You have 4 clients each expressing interest in a variable annuity contract. Which 2 of the 4 client profiles would a VA be least suitable for? A 45-year-old employed individual with no other retirement accounts in place A 58-year-old individual near retirement who is in good health and anticipates a lengthy retirement A 32-year-old with a company-sponsored 401k plan and will need a lump sum soon to finance graduate school tuition A 60-year-old individual, nearing retirement who has both IRAs and a 401k in place, is comfortable with market risk associated with the stock market, and has a lump sum in cash available to fund the annuity A) II and IV B) I and II C) I and III D) II and III

Your answer, II and IV, was incorrect. The correct answer was: I and III VAs are less suitable for individuals who have not yet made maximum contributions to other retirement accounts such as IRAs and 401ks. They are also not considered suitable for anyone who anticipates needing a lump sum within a short time frame to fund other endeavors. They are more suitable for individuals who can fund the annuity with cash, want to supplement existing retirement benefits they have already funded, are comfortable with the market risk associated with a VA separate account portfolio and anticipate a long retirement. Reference: 12.3.4 in the License Exam Manual.

For an investor, which of the following is the most important factor in determining the suitability of a variable annuity investment? A) The fact that the annuity payment may increase or decrease. B) The investor's marital status. C) The investor's concerns about taxes. D) The fact that periodic payments into the contract may increase or decrease.

Your answer, The fact that the annuity payment may increase or decrease., was correct!. The most important consideration in purchasing a variable annuity is to be aware that benefit payments will fluctuate with the investment performance of the separate account. Periodic payments are not a consideration because normally the payments into an annuity are level or in a lump sum. Reference: 12.1.2.1.1 in the License Exam Manual.

A separate account will invest in a number of different securities. The separate account is NOT likely to invest in: A) equity funds. B) municipal bonds. C) corporate stock. D) money market funds.

Your answer, money market funds., was incorrect. The correct answer was: municipal bonds. The earnings on dollars invested into a variable annuity accumulate tax deferred, which is why variable annuities are popular products for retirement accumulation. As with all tax-deferred accounts, municipal bonds are not appropriate investments because interest earned on municipals is already tax exempt at the federal level. Reference: 12.1.4.2 in the License Exam Manual.

Your 65-year-old client owns a nonqualified variable annuity. He originally invested $29,000 4 years ago; it now has a value of $39,000. If your client, who is in the 28% tax bracket, makes a lump-sum withdrawal of $15,000, what tax liability results from the withdrawal? A) 0. B) 4200. C) 3800. D) 2800.

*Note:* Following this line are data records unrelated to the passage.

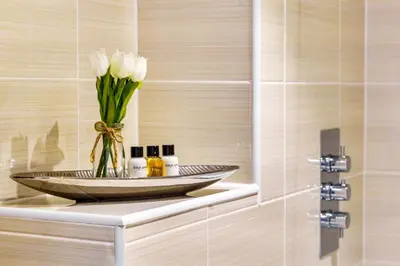 a vase of white flowers on a shelf in a bathroom at Tranquil Shores in Carbis Bay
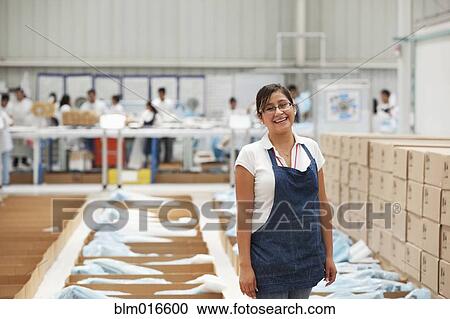 Worker smiling in manufacturing plant View Large Photo Image Stock Image - Worker smiling in manufacturing plant. Fotosearch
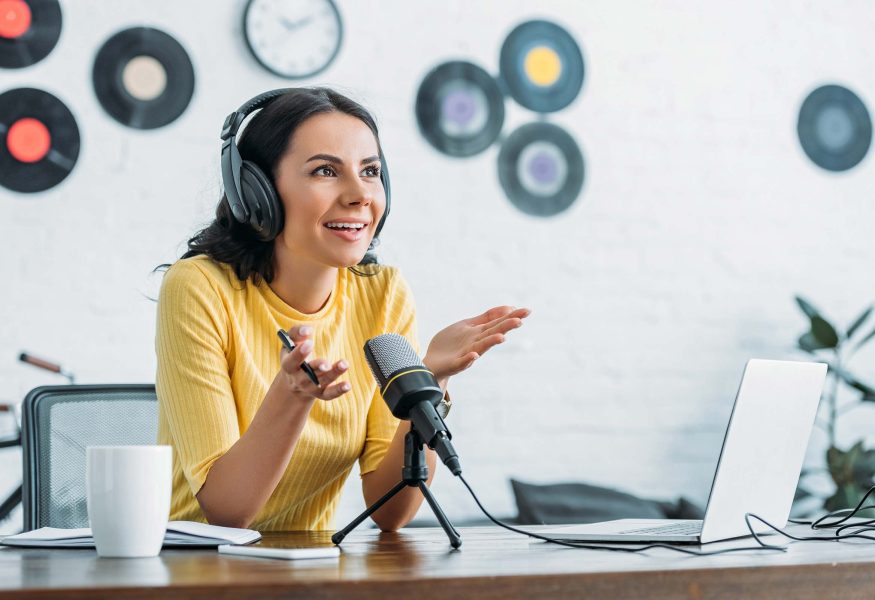 smiling-radio-host-gesturing-while-recording-podca-ZE4F34T.jpg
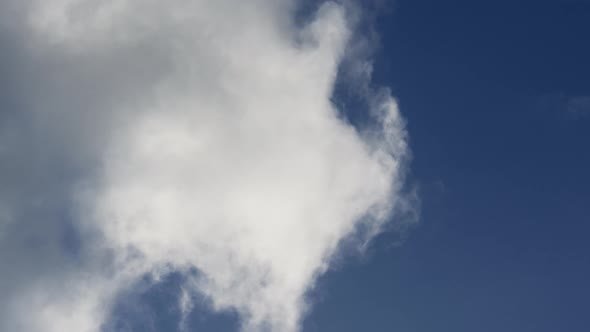 Fluffy White Clouds Moving Through Blue Sky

Your answer, 2800., was correct!. This annuity is nonqualified, which means the client has paid for it with after-tax dollars and has a basis equal to the original $29,000 investment. Consequently, the client pays taxes only on the growth portion of the withdrawal ($10,000). The tax on this is $2,800 ($10,000 x 28%). Because the client is older than age 59-½, he does not pay 10% premature distribution penalty tax. Reference: 12.3.3 in the License Exam Manual.

For a retired person, which of the following investments would provide the greatest protection against inflation? A) Municipal bonds. B) Corporate bonds. C) Fixed annuities. D) Variable annuities.

Your answer, Variable annuities., was correct!. Fixed income instruments, like bonds and fixed annuities, are subject to purchasing power risk. Variable annuities provide protection from inflation because their monthly income can increase depending on the separate account's performance. Reference: 12.1.2 in the License Exam Manual.